**Assigned task:** Every record should be copied exactly, and the images omitted.
═══
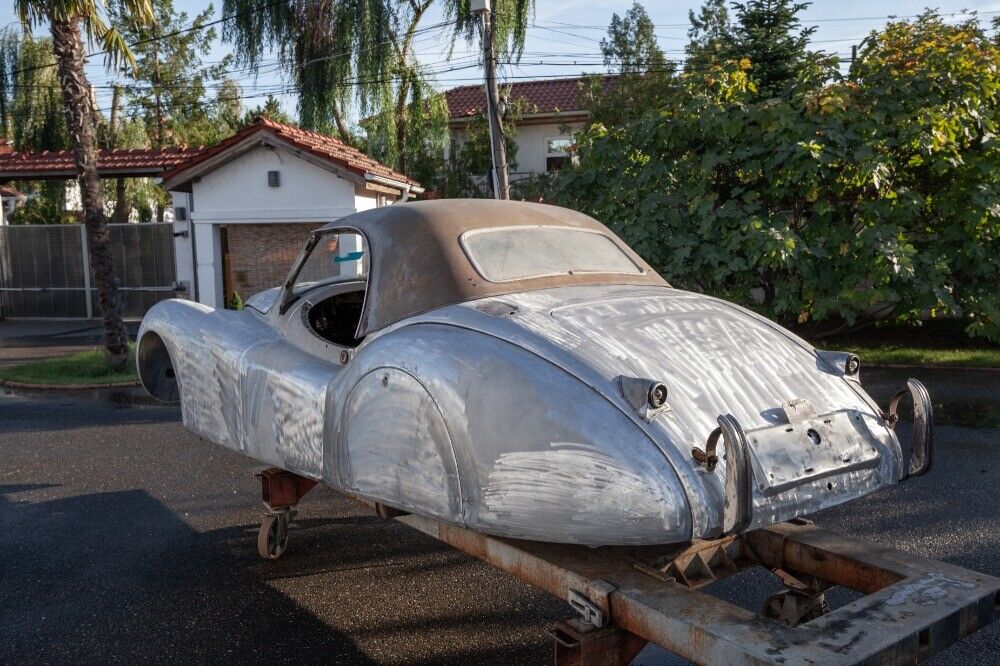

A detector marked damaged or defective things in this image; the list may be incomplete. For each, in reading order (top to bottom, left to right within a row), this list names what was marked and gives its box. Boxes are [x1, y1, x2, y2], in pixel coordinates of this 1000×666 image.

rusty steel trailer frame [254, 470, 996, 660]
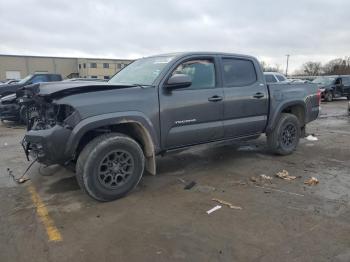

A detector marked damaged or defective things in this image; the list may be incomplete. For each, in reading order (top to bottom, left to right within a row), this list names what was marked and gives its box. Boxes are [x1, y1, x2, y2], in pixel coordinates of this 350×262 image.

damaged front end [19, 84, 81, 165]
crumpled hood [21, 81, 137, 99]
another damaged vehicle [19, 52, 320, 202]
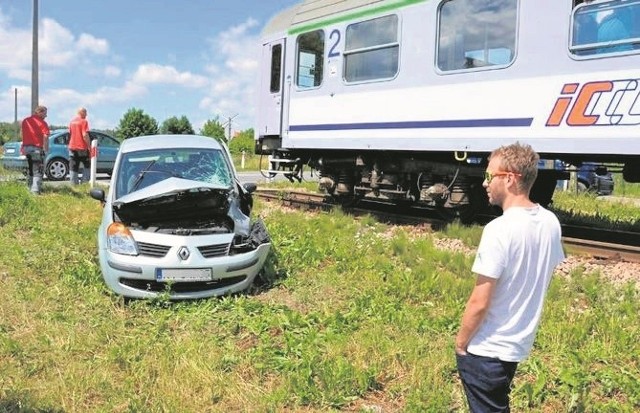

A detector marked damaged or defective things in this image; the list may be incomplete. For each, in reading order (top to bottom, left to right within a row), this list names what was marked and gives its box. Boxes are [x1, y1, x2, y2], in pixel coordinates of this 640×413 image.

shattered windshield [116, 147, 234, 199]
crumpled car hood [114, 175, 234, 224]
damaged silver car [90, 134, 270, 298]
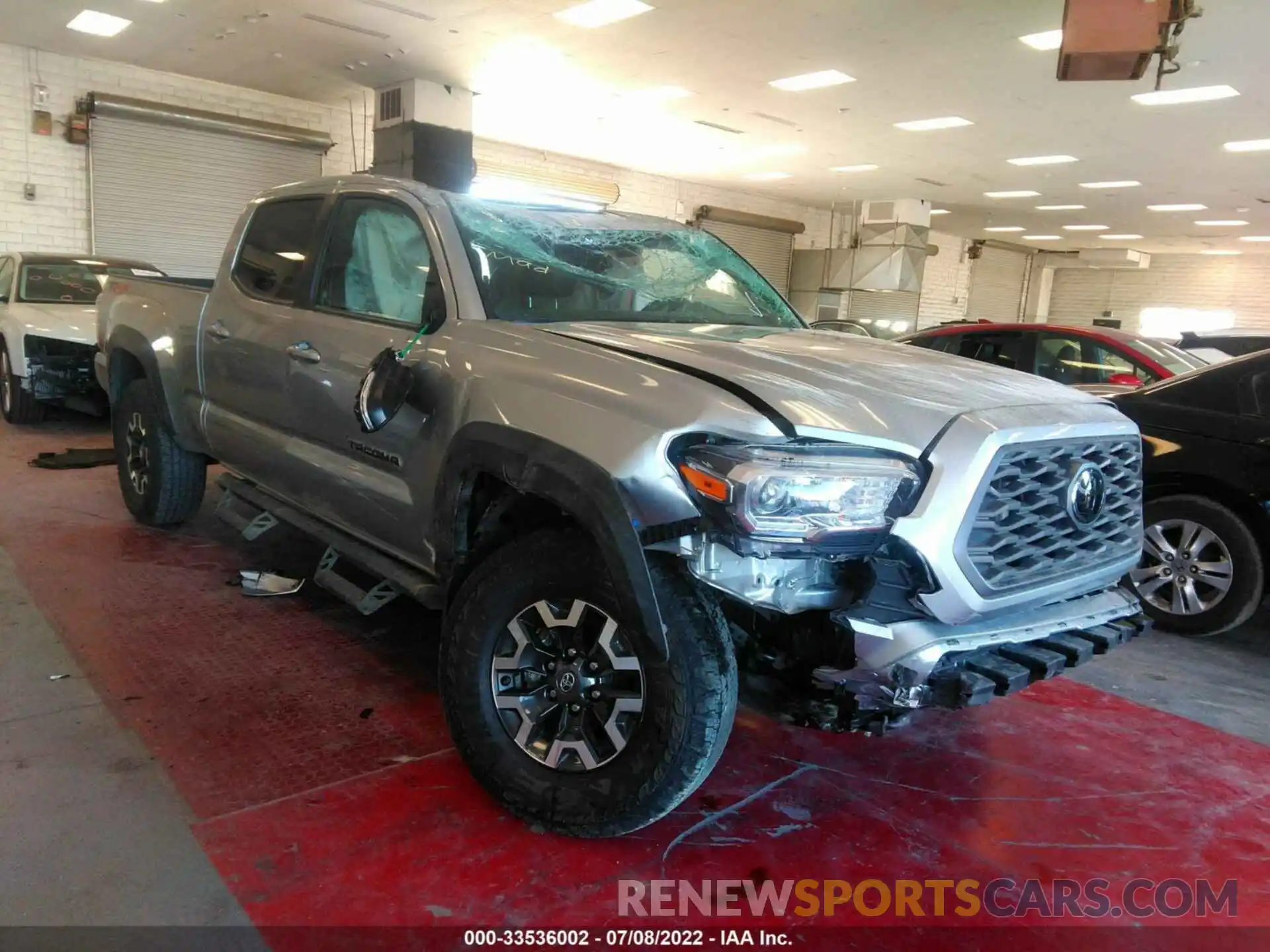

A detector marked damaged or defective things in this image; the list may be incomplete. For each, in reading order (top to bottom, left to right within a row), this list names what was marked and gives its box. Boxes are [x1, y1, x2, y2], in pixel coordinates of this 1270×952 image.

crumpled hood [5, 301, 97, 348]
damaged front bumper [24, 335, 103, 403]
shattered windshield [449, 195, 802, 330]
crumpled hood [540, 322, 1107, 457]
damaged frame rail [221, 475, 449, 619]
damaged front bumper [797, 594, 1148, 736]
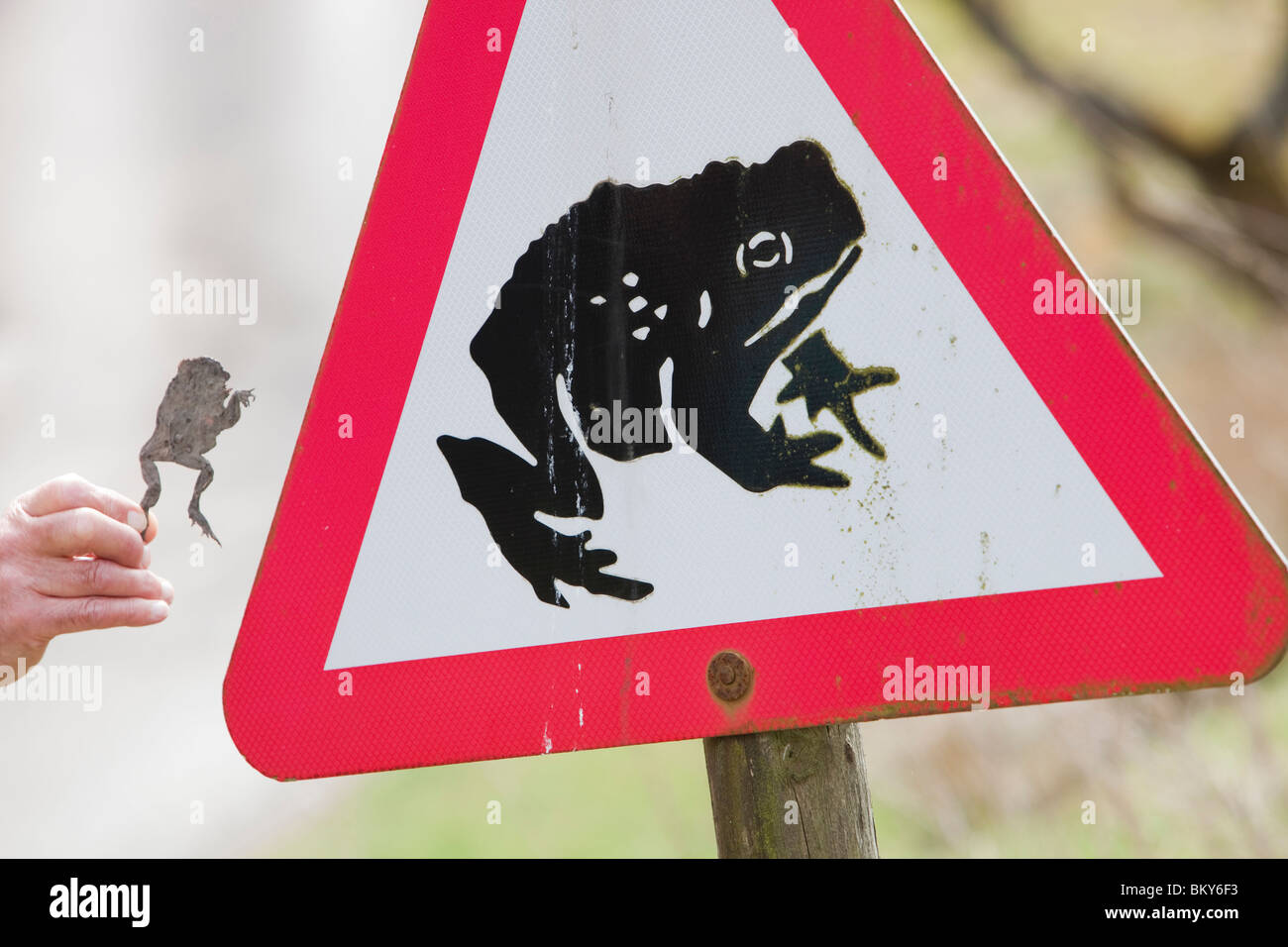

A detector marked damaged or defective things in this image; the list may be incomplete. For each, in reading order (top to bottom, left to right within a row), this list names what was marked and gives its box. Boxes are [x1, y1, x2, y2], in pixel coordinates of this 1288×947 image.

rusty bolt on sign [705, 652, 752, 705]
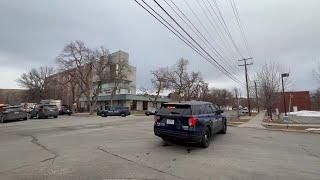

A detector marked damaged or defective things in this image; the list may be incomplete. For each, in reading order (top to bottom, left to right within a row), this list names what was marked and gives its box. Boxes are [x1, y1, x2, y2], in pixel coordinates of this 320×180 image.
═══
**Exercise output:**
A detector marked damaged or defective things in this image; the list may be incomplete. For each, in reading order (top to bottom, left to right within a row), this list names what was marked and gives its box. Boxes are [x1, y1, x2, y2], in pixel coordinates of this 1000×666 image.

rusty steel trailer frame [254, 470, 996, 660]

A detector marked damaged or defective things in this image; the list may be incomplete. For each, in reading order (top to bottom, left to right within a row), this list names what was marked and gives its box. Boxes are [x1, y1, x2, y2], in pixel coordinates of this 350×262 image.

damaged front end [19, 84, 81, 165]
crumpled hood [21, 81, 137, 99]
another damaged vehicle [19, 52, 320, 202]

A detector marked damaged or defective things in this image; the list may be incomplete. For each, in reading order (top to bottom, left to right within a row), this list names what was marked and gives its box. Boxes are [x1, y1, x2, y2], in pixel coordinates of this 640×413 image.

shattered windshield [116, 147, 234, 199]
crumpled car hood [114, 175, 234, 224]
damaged silver car [90, 134, 270, 298]

A detector marked damaged or defective things in this image; the list may be incomplete. For each, in reading order (top to bottom, left to right within a row), this list names what was marked and gives its box. Boxes are [x1, y1, x2, y2], in pixel coordinates of this 1270×952 image.

crumpled hood [5, 301, 97, 348]
damaged front bumper [24, 335, 103, 403]
shattered windshield [449, 195, 802, 330]
crumpled hood [540, 322, 1107, 457]
damaged frame rail [221, 475, 449, 619]
damaged front bumper [797, 594, 1148, 736]

A detector marked damaged or defective things in this image; the list may be incomplete. For each, in reading order (top to bottom, left to right within a row), this list names what was marked and gives its box. Boxes are [x1, y1, x2, y2], in pixel coordinates of this 1288×947 image.

rusty bolt on sign [705, 652, 752, 705]

A detector marked damaged or defective things in this image; the list may be incomplete. For each, in reading order (top to bottom, left to right within a row), this list names what was marked and gives its box. Boxes are [x1, y1, x2, y2], in pixel coordinates of this 320×180 image.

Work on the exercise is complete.